The task → Copy every line of the listing that holds the string "Thumbnail".

Given data →
........

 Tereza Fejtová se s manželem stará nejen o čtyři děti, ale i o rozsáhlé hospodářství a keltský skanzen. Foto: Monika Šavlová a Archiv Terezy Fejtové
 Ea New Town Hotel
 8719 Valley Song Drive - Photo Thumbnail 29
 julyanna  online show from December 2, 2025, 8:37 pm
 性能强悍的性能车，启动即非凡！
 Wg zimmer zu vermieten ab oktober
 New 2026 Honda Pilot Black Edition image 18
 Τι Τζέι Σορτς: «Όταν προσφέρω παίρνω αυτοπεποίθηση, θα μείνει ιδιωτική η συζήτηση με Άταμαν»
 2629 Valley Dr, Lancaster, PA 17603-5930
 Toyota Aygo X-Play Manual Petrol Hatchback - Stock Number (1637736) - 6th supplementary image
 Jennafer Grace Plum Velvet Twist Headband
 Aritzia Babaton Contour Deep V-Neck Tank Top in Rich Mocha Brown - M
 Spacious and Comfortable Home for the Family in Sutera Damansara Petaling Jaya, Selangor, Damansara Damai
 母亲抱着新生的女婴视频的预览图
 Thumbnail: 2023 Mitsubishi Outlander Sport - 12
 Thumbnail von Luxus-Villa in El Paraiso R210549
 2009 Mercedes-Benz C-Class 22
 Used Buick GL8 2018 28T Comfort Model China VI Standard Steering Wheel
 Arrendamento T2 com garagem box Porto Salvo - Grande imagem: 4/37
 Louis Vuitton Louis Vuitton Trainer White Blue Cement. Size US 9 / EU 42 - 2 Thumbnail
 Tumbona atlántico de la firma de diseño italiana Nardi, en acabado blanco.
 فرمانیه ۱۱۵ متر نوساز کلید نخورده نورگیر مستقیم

........

Answer →
 8719 Valley Song Drive - Photo Thumbnail 29
 Thumbnail: 2023 Mitsubishi Outlander Sport - 12
 Thumbnail von Luxus-Villa in El Paraiso R210549
 Louis Vuitton Louis Vuitton Trainer White Blue Cement. Size US 9 / EU 42 - 2 Thumbnail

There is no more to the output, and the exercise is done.